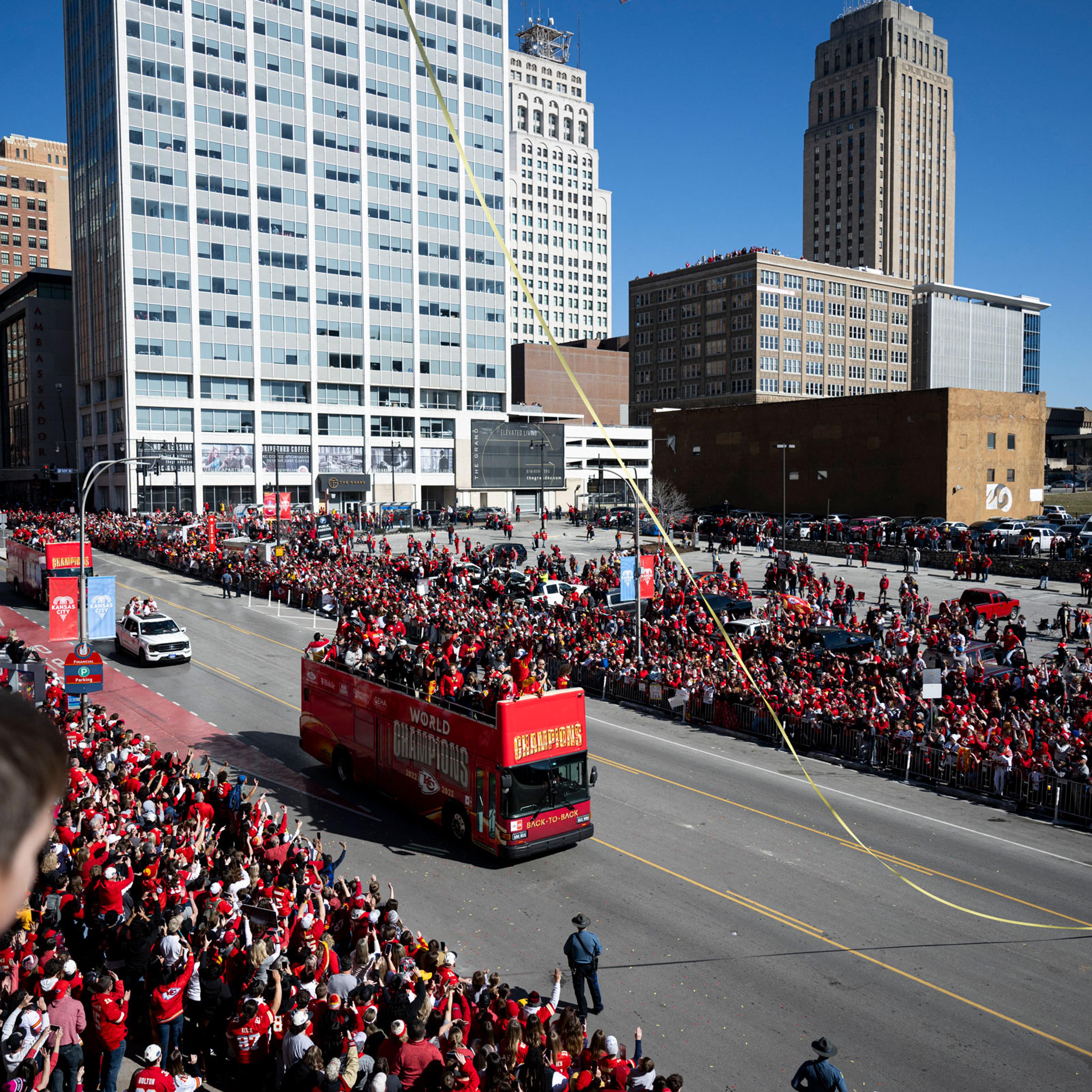 Fans watch as Kansas City Chiefs players celebrate during the Chiefs' Super Bowl LVIII victory parade in Kansas City, Mo., on Feb. 14, 2024.
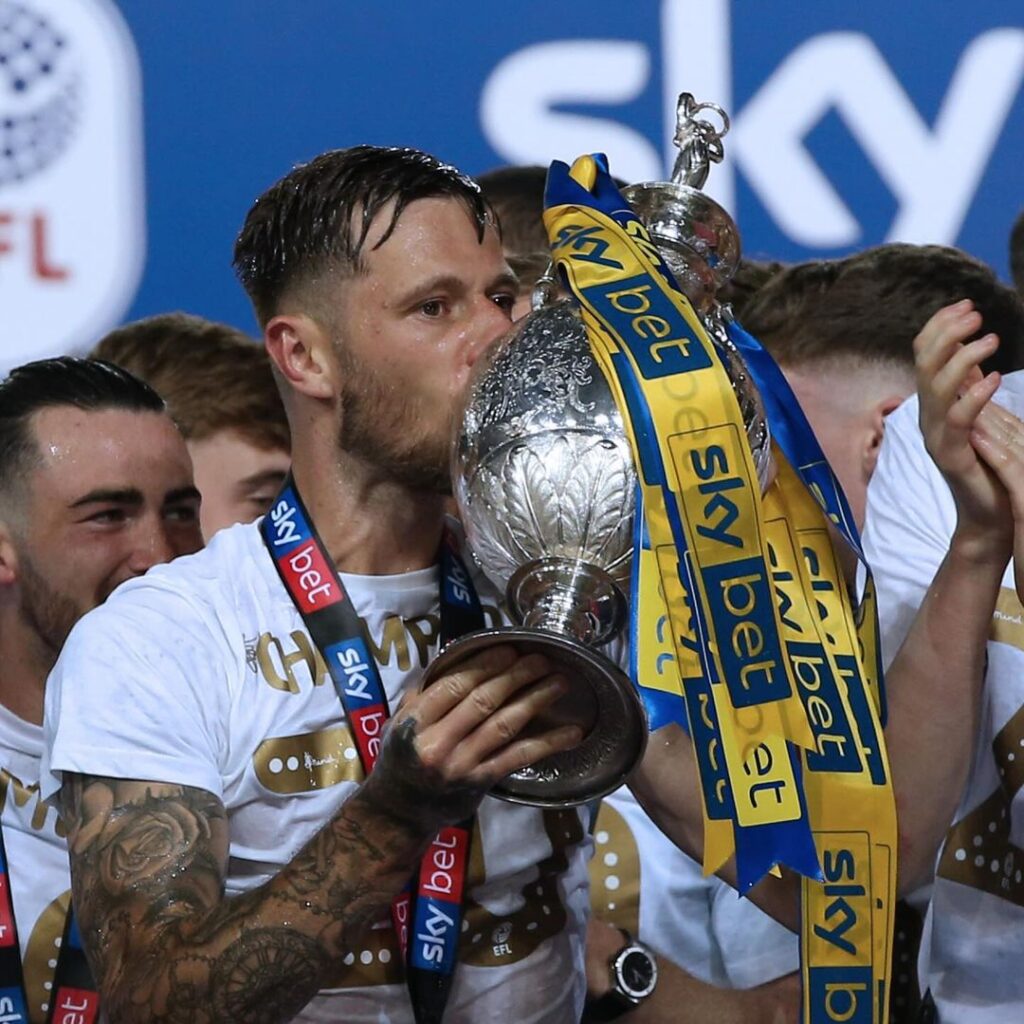 Leads united player kissing a trophy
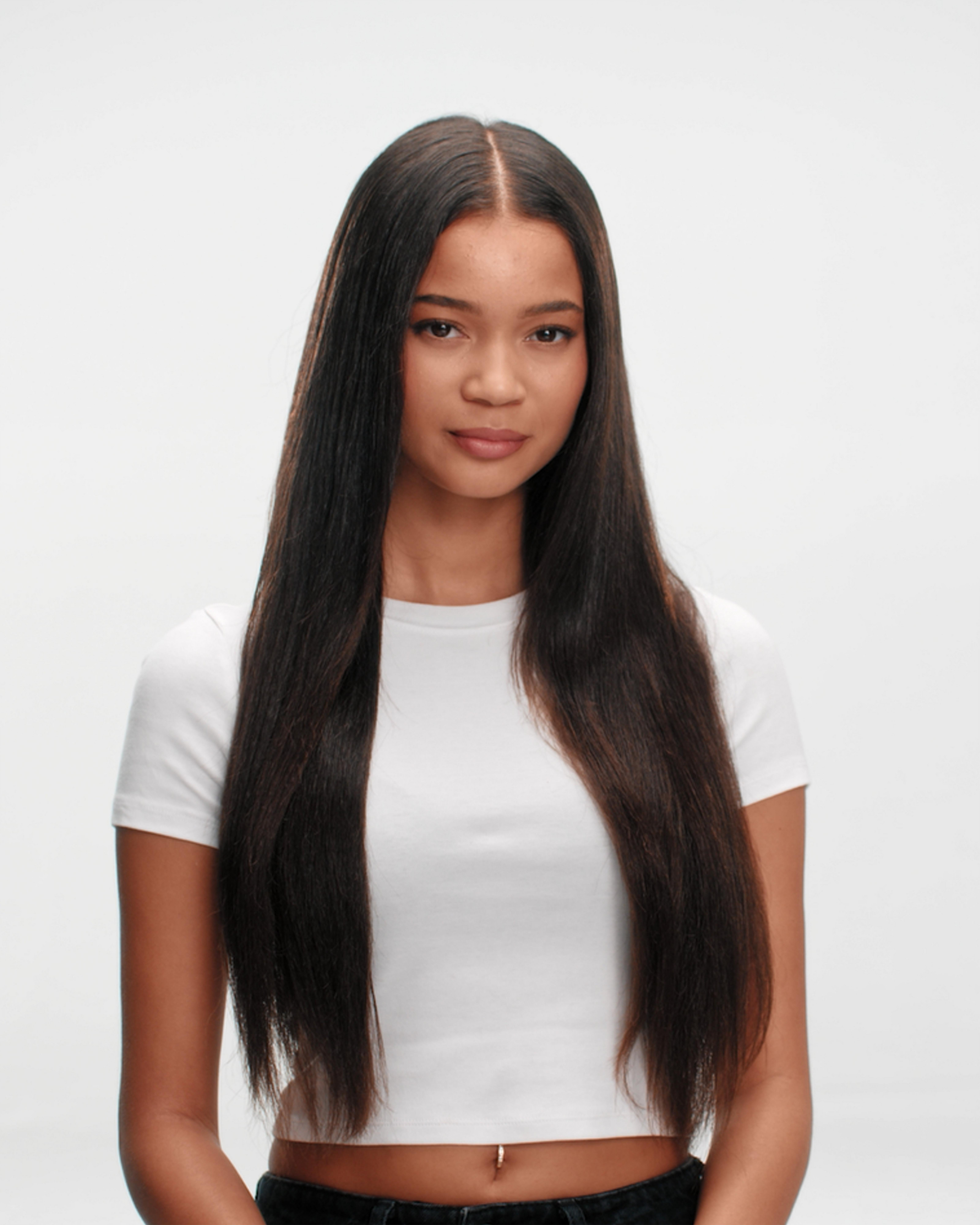 model with long thick and curly hair with hair styled showing ultra smooth results achieved by ghd glide+ max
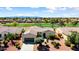 Aerial view of a home and community showcasing desert landscaping, a golf course, and mountain views in the distance at 23108 N Pedregosa Dr, Sun City West, AZ 85375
▬▬▬
Task description: Everything from the first line of the listing above through the line that contains "model with long" is to be restated word for word, minus the pictures.

Your solution:
 Fans watch as Kansas City Chiefs players celebrate during the Chiefs' Super Bowl LVIII victory parade in Kansas City, Mo., on Feb. 14, 2024.
 Leads united player kissing a trophy
 model with long thick and curly hair with hair styled showing ultra smooth results achieved by ghd glide+ max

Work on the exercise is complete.